An example of this type is milk, which contains liquid fats that are dispersed in water. Oil-in-Water type (O/W type): Here, water serves as the dispersion medium while oil serves as the dispersed phase.

Examples of Emulsionsīutter, milk, Egg yold, cold cream, hair cream, etc. The process of mixing liquid to form an emulsion is called emulsification. Emulsion DefinitionĪn emulsion is defined as a liquid-liquid colloidal system that is formed by combining two or more immiscible liquids.

Emulsions are stabilized by substances that either create films on the droplet’s surface, like soap molecules, or give them mechanical stability like colloidal carbon. If the liquids that are mixed have very little or no mutual solubility, emulsions can be formed spontaneously or, more frequently, mechanically via agitation. In most cases, one of the two liquids is water and the other is oil since it is immiscible in water. These are liquid-liquid colloidal systems, however, the two liquids are immiscible. Weitz and Liang-Yin Chu,? Lab Chip, 2011, 11, 1587 DOI: 10.An emulsion is a dispersion of finely divided liquid droplets in another liquid. Harriet Brewerton Link to journal articleĬontrollable microfluidic production of multicomponent multiple emulsionsWei Wang, Rui Xie, Xiao-Jie Ju, Tao Luo, Li Liu, David A.
EMULSION CHEMISTRY FULL
The team now intend to explore the full potential of their device and promote its application in different areas. ’This beautiful work provides a very clever way to extend the applicability and uses of glass-based microfluidics,’ he says. Ho Cheung Shum, an expert in emulsions at the University of Hong Kong, in China, says: ’Such fine droplet engineering finesse creates new opportunities to explore topics such as reaction-on-demand, encapsulation of incompatible actives and templated assembly of artificial cell aggregates.’Īlberto Fernandez-Nieves, an expert in microfluidics at the Georgia Institute of Technology, US, is also impressed with the work. As the oil droplets move through the system, they merge in the main channel to form the multi-component emulsions. The device - a droplet maker, connector and liquid extractor - can be arranged in different combinations to generate different emulsions.
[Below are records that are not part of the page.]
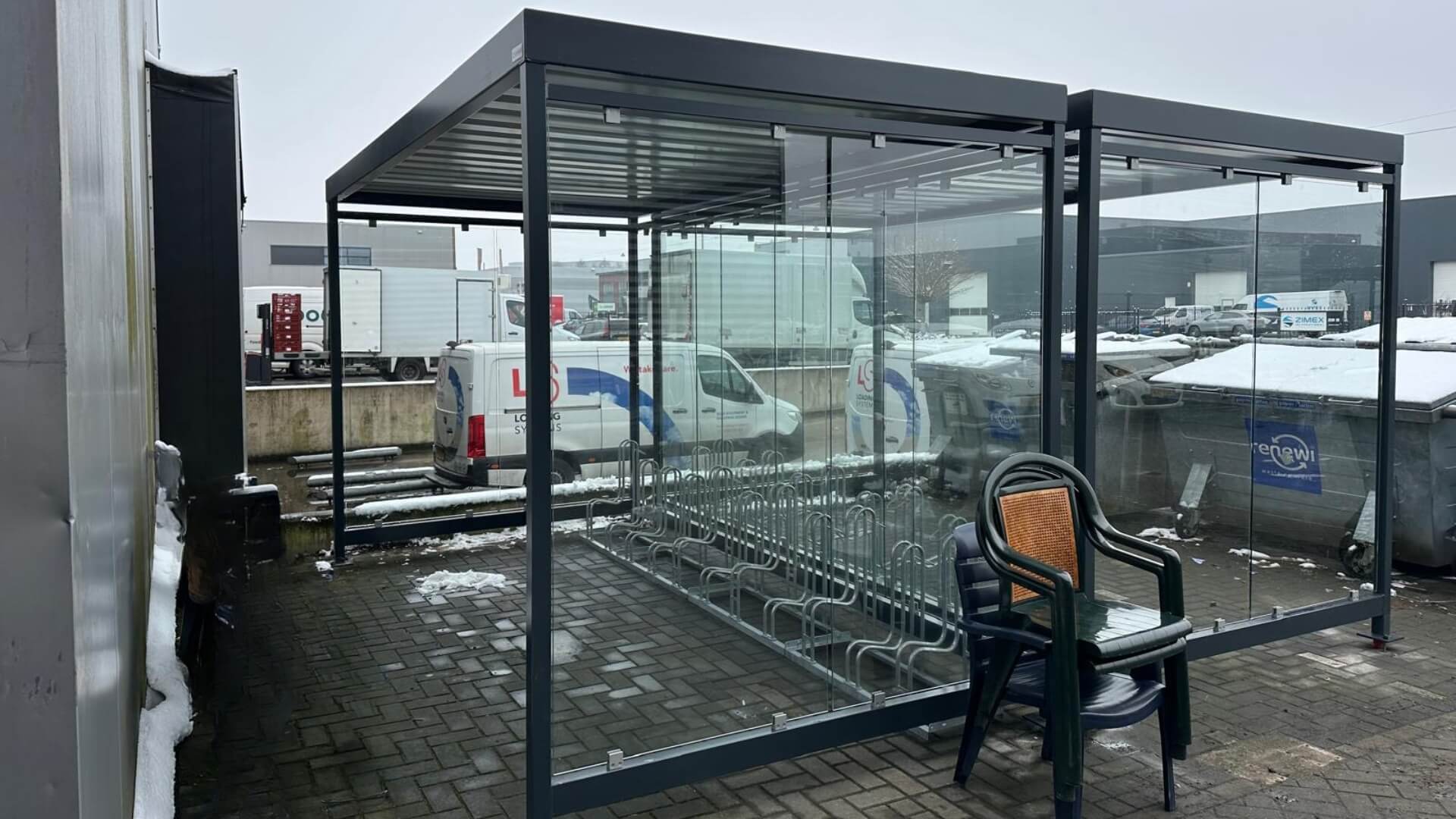 Dubbele prefab fietsenstalling Keulen van Umfeldt met glazen zijpanelen en metalen frame geplaatst bij bedrijfslocatie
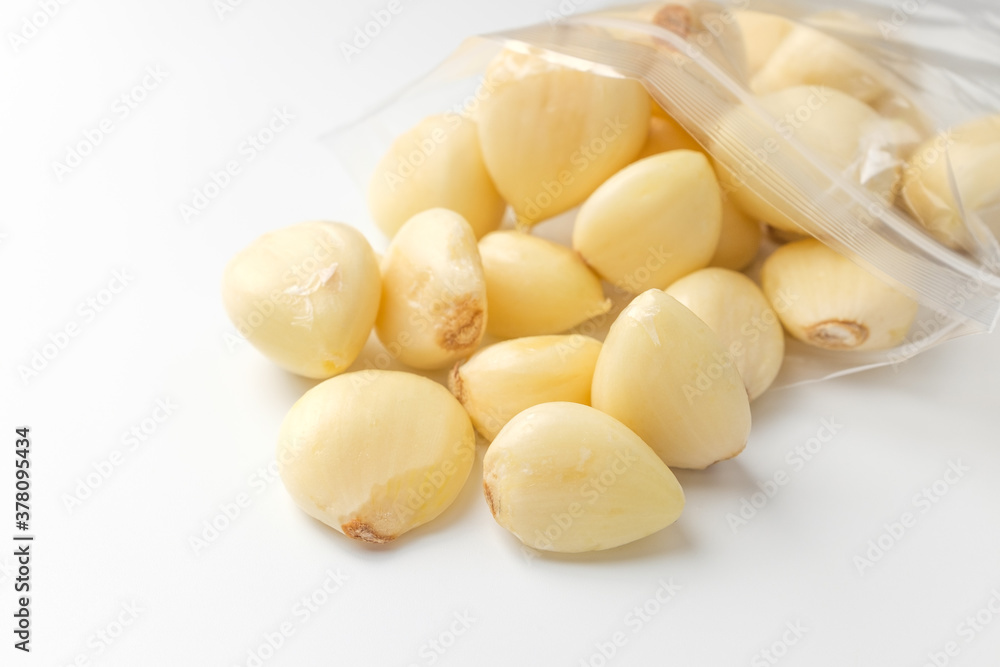 Manicured garlic on white background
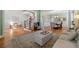 Open-concept living area seamlessly connects the foyer, living room, and dining room with green walls at 3810 Sweat Creek Run, Marietta, GA 30062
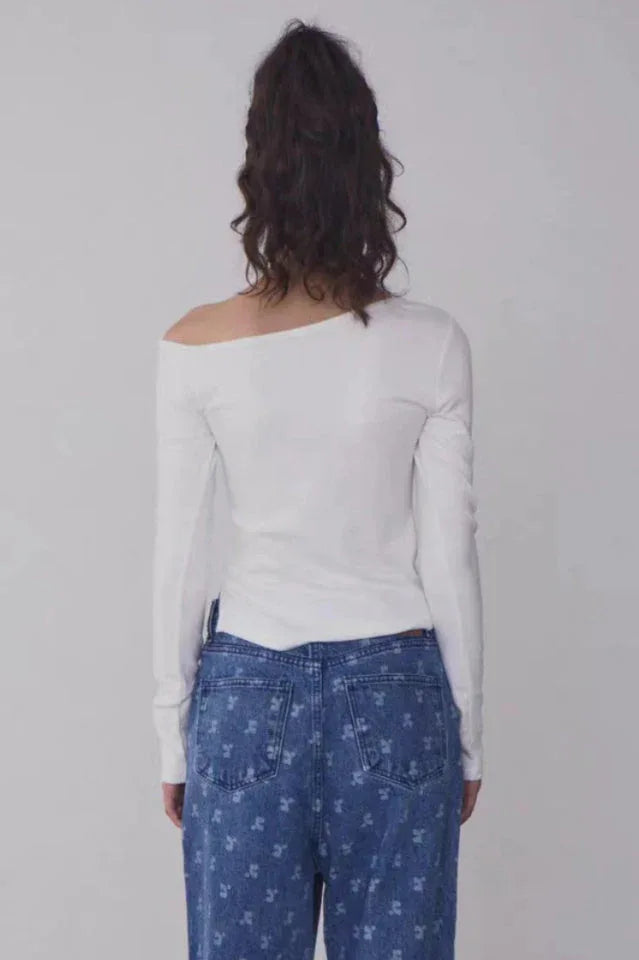 Woman wearing a white off-the-shoulder long-sleeve top with a black beanie and blue patterned jeans, back view.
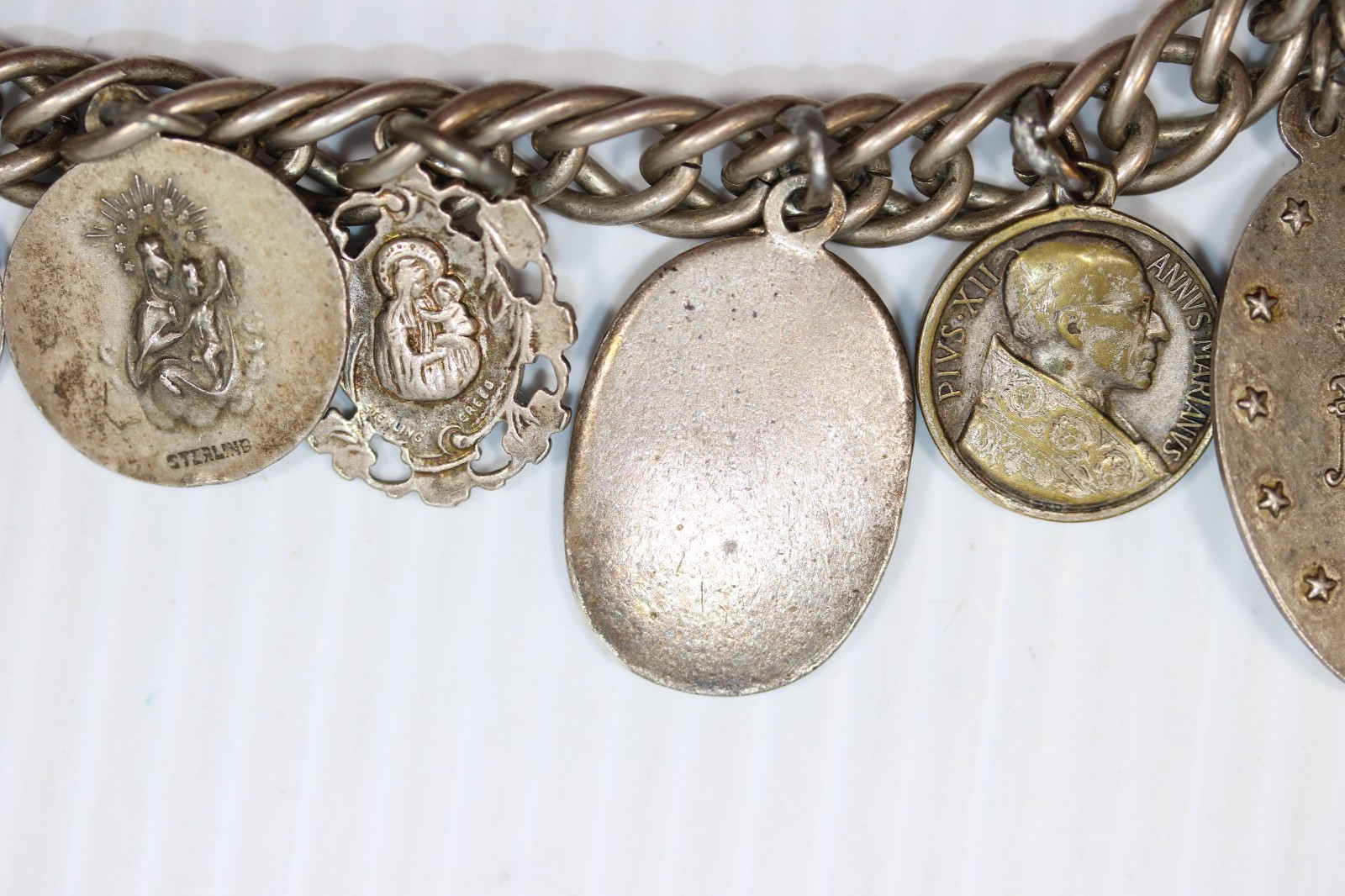 Vintage Sterling Silver Saint Charm Bracelet featuring 13 Medals 60g #450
The team tested their system using different coloured oil droplets in water. Optical micrographs of monodisperse sextuple-component triple emulsions, containing one water-in-oil single emulsion and two oil-in-water-in-oil double emulsions Liang-Yin Chu at Sichuan University and colleagues have designed a microfluidic device capable of producing multi-compartment multiple emulsions. Chu says: ’We hope the novel type of emulsions in our work will open a new gate for the applications of emulsions in the fields of template synthesis, synergistic delivery, micro reactions, bioassay and so on.’ Control over such multi-compartment levels would allow more precise encapsulation and the development of more advanced materials. Microfluidic devices have been designed to produce such systems, but controlling the number, size and ratio of droplets at each level is difficult, especially when developing a system that has different types of emulsion droplets at the same level. Multiple emulsions are liquid systems in which emulsion droplets are placed inside each other, each droplet smaller than the last, creating ’levels’. This system could be used to encapsulate incompatible drug ingredients and to design multi-compartment materials, they say. Scientists in China have developed a device that can control the production of multiple emulsion systems.